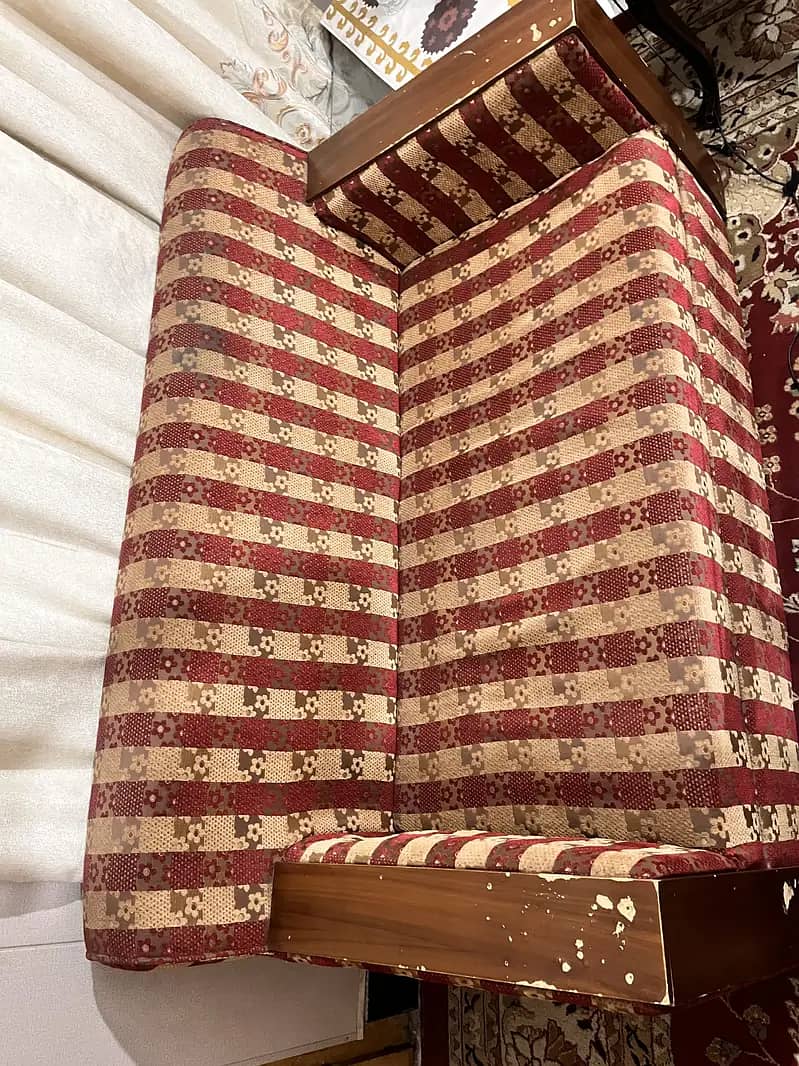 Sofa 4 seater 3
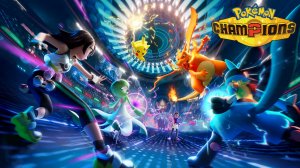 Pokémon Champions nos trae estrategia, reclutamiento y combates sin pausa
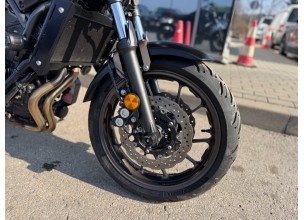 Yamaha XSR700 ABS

* * *

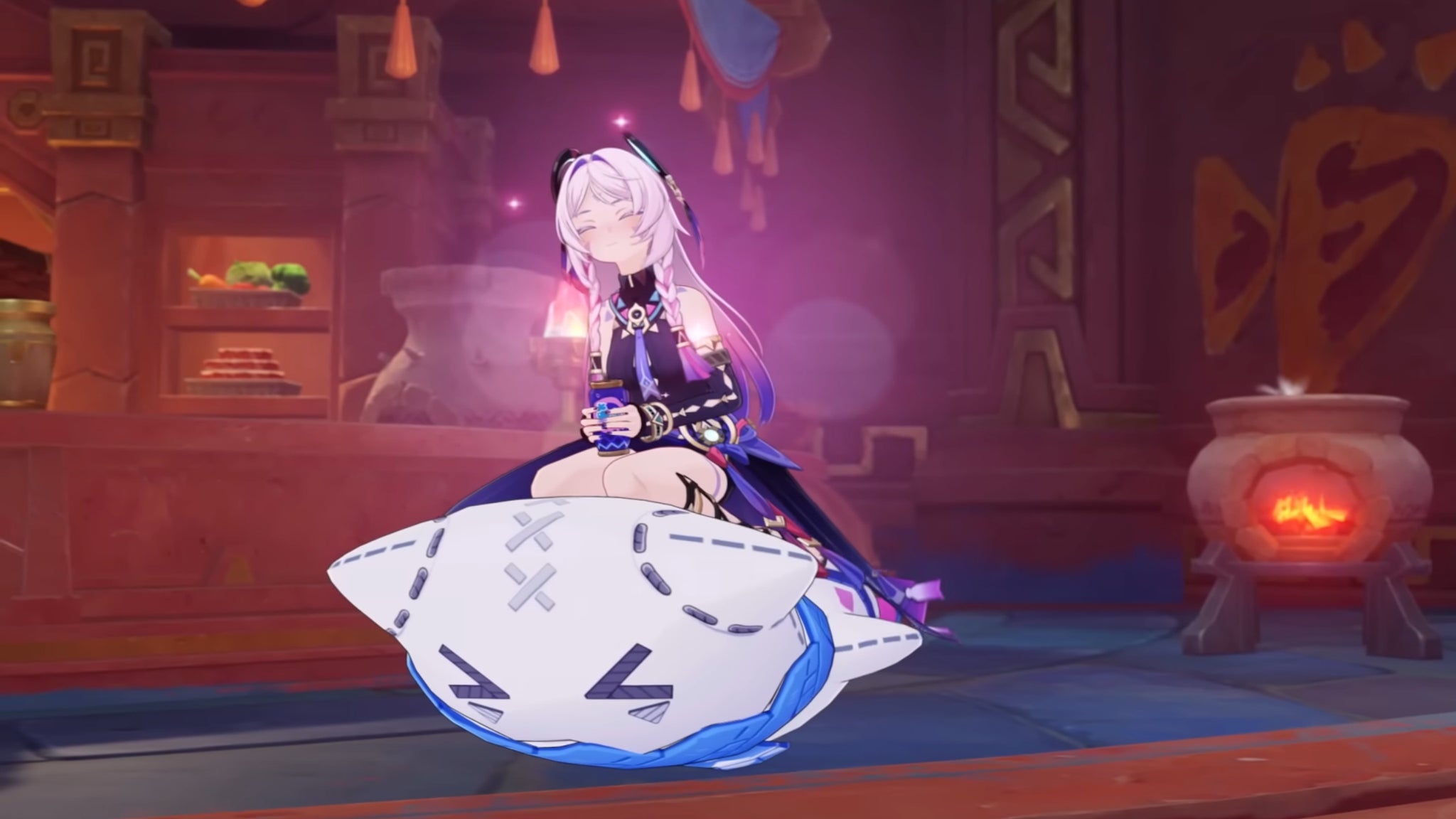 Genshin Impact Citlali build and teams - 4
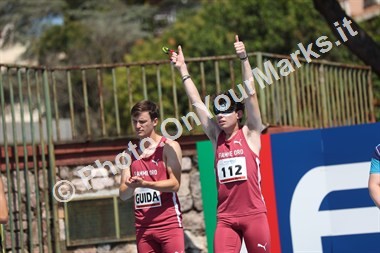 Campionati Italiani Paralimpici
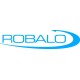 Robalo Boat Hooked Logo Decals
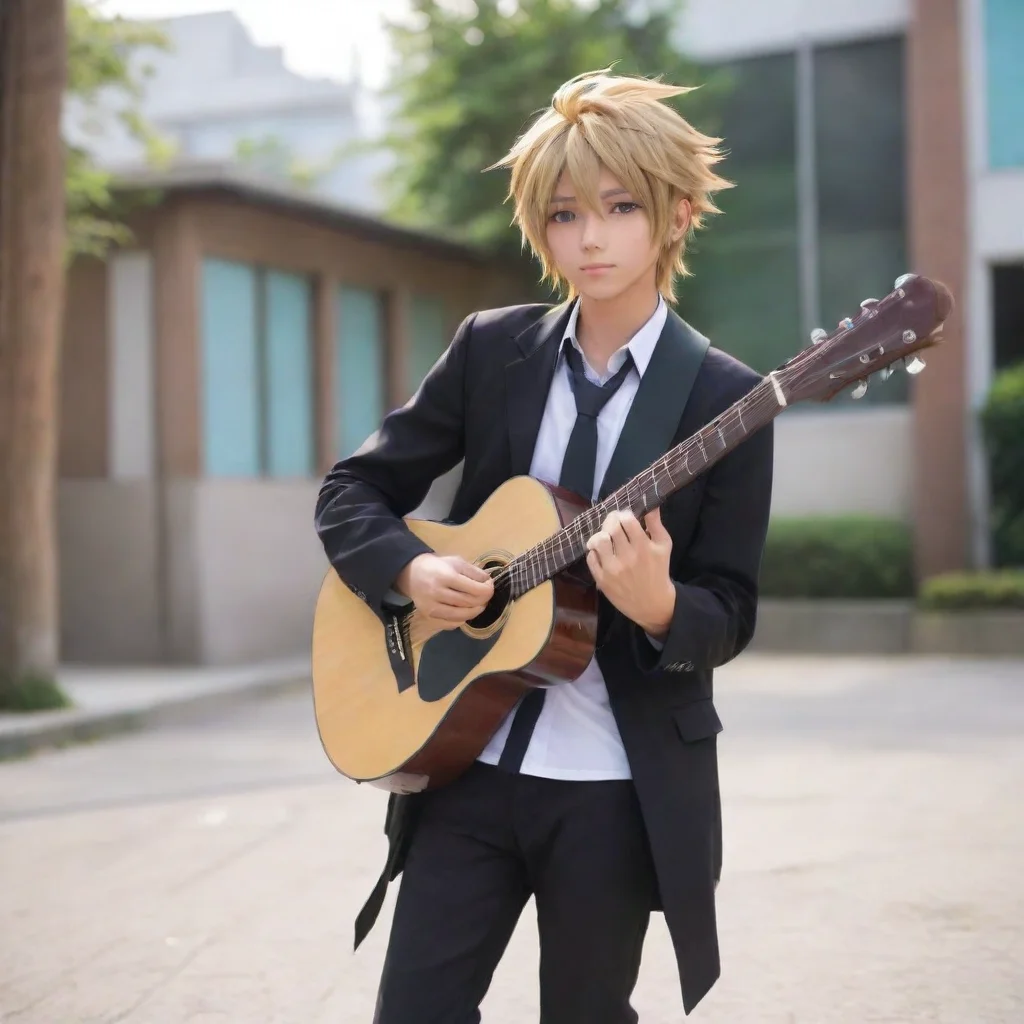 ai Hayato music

- _Exercise directions_: Above are some records; extract exactly the lines from the one containing "Genshin Impact Citlali build and teams - 4" through the one containing "ai Hayato music" and drop the pictures.

- _Solution for this task_:
 Genshin Impact Citlali build and teams - 4
 Campionati Italiani Paralimpici
 Robalo Boat Hooked Logo Decals
 ai Hayato music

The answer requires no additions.